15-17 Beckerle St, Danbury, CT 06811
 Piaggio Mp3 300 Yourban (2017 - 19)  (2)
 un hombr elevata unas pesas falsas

= = = = =

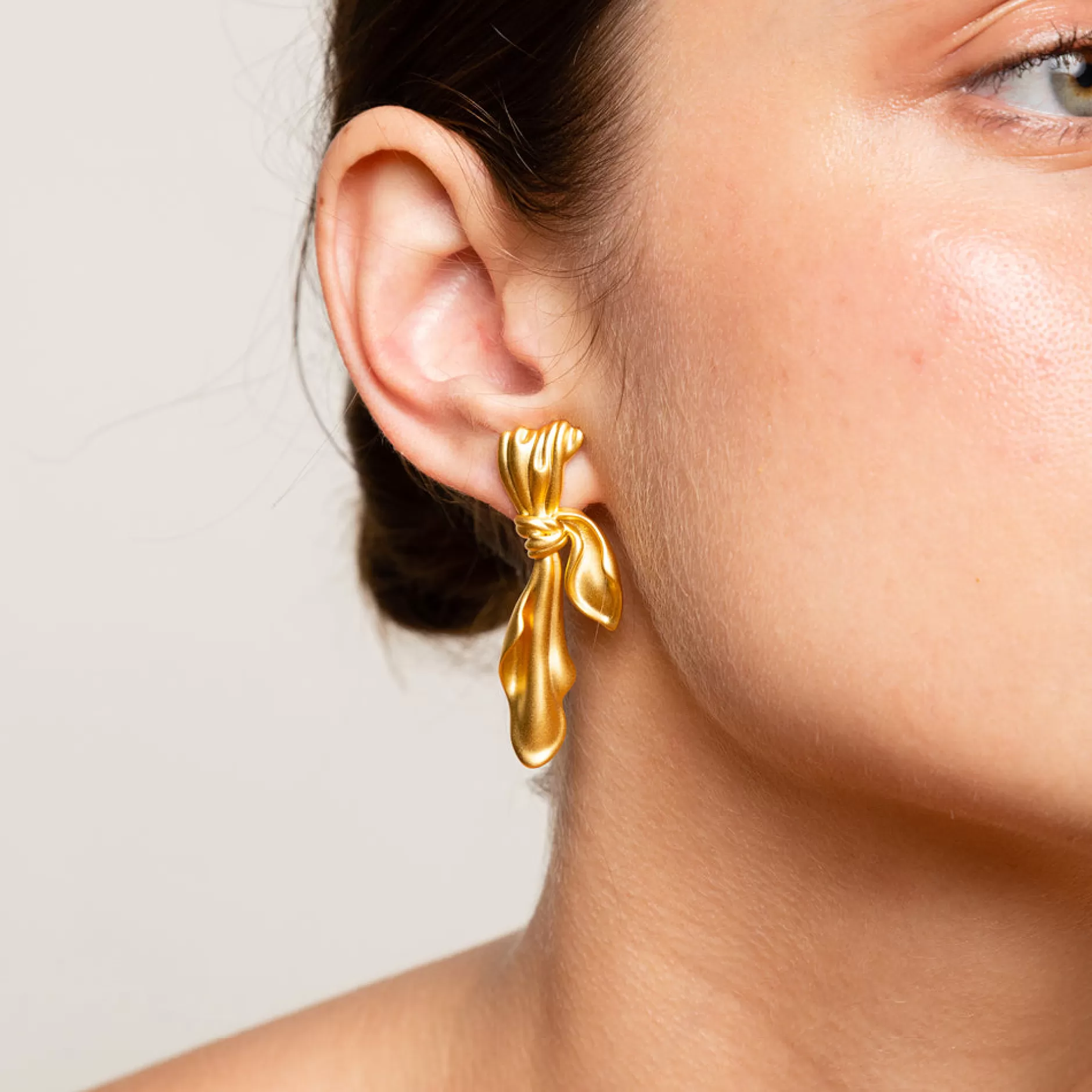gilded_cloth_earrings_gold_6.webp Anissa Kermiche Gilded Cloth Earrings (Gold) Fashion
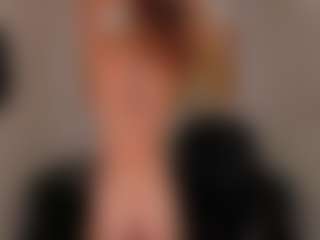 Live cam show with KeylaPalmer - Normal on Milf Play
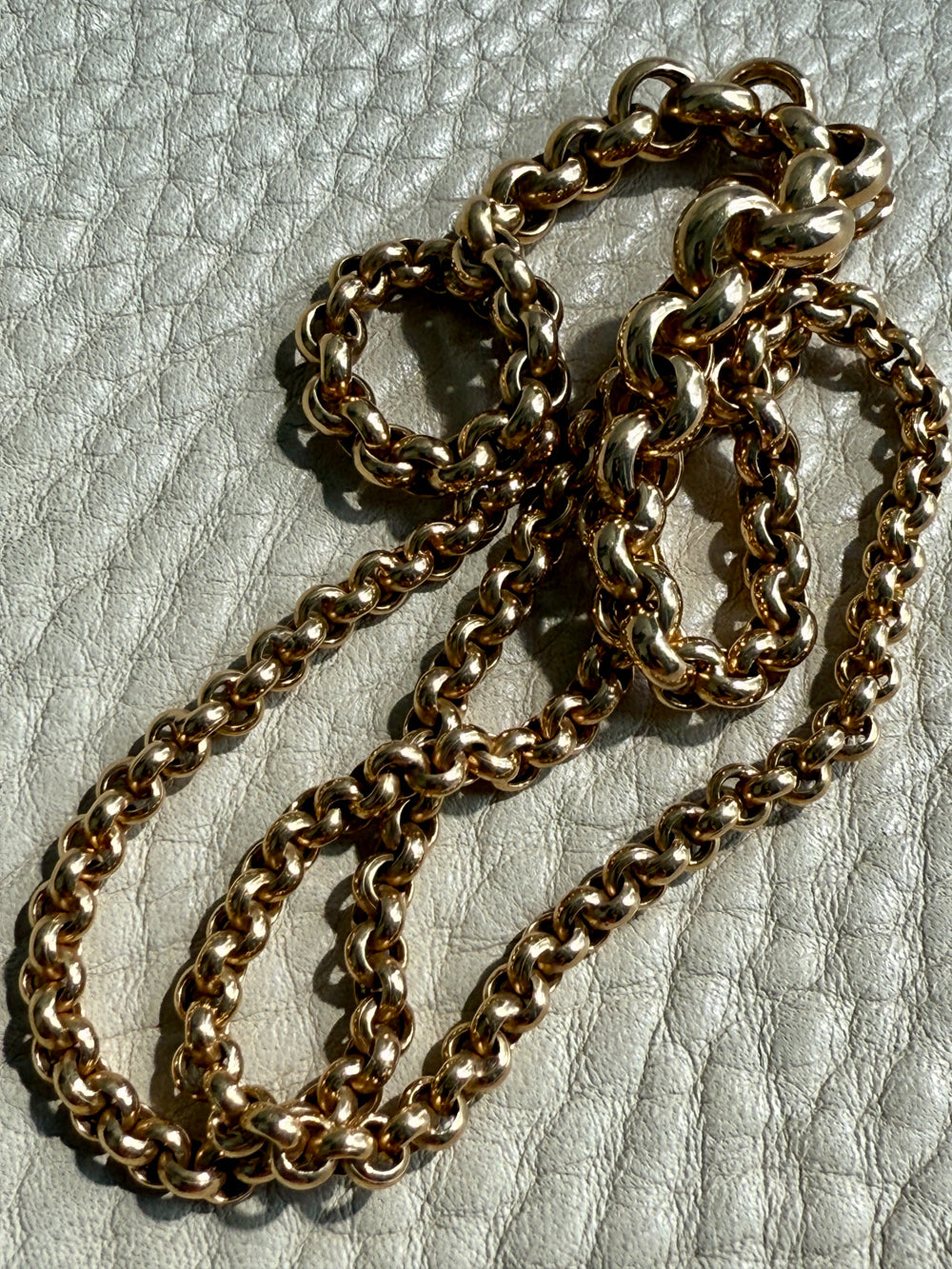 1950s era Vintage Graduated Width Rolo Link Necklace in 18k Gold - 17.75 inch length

= = = = =

-- Exercise --
In the entries above, every line from the line with "Live cam show" to the line with "1950s era Vintage" is to be printed exactly, with both ends included and pictures excluded.

-- Result for this task --
 Live cam show with KeylaPalmer - Normal on Milf Play
 1950s era Vintage Graduated Width Rolo Link Necklace in 18k Gold - 17.75 inch length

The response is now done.